### Task statement
Set down, exactly and only, everything from the line containing "Years ago when" down to the line containing "Taxonomy: Mung beans" in the data below; the pictures are not part of the copy.

### Data provided
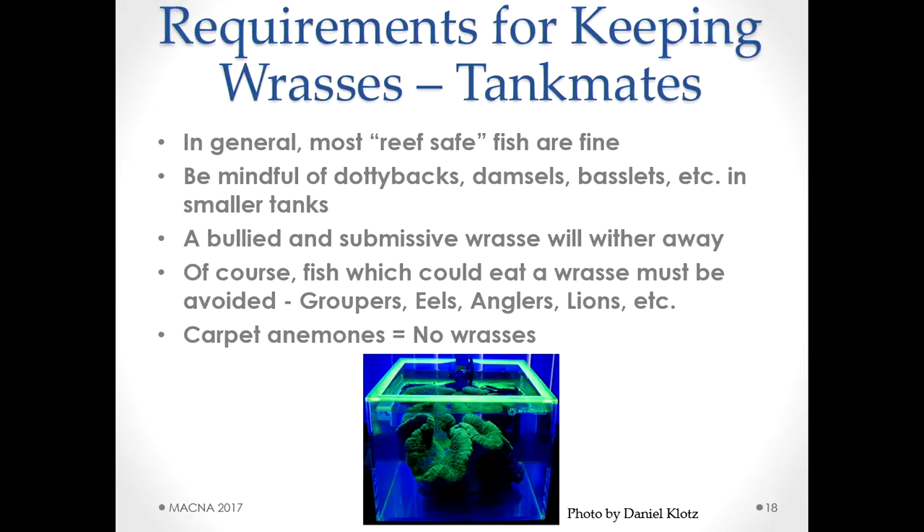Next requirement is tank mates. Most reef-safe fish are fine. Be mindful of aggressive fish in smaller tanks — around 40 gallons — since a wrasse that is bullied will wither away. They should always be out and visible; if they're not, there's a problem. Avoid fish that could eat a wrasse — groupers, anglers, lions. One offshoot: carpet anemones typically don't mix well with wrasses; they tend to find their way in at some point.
--
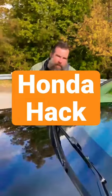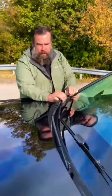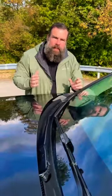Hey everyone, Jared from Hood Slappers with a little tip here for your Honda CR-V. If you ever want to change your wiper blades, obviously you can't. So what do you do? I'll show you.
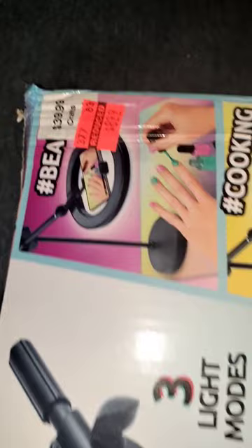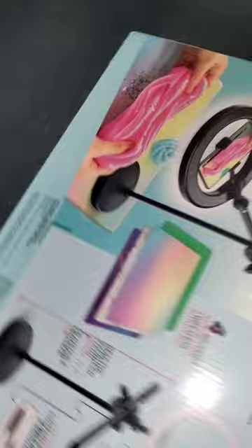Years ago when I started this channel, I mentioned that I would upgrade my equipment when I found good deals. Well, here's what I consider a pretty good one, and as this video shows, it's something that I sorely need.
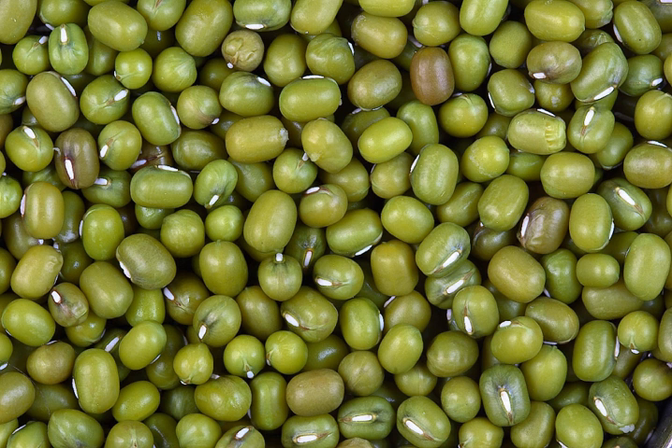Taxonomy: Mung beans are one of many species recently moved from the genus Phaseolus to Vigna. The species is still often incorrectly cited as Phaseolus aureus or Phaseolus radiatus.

### Result
Years ago when I started this channel, I mentioned that I would upgrade my equipment when I found good deals. Well, here's what I consider a pretty good one, and as this video shows, it's something that I sorely need.
Taxonomy: Mung beans are one of many species recently moved from the genus Phaseolus to Vigna. The species is still often incorrectly cited as Phaseolus aureus or Phaseolus radiatus.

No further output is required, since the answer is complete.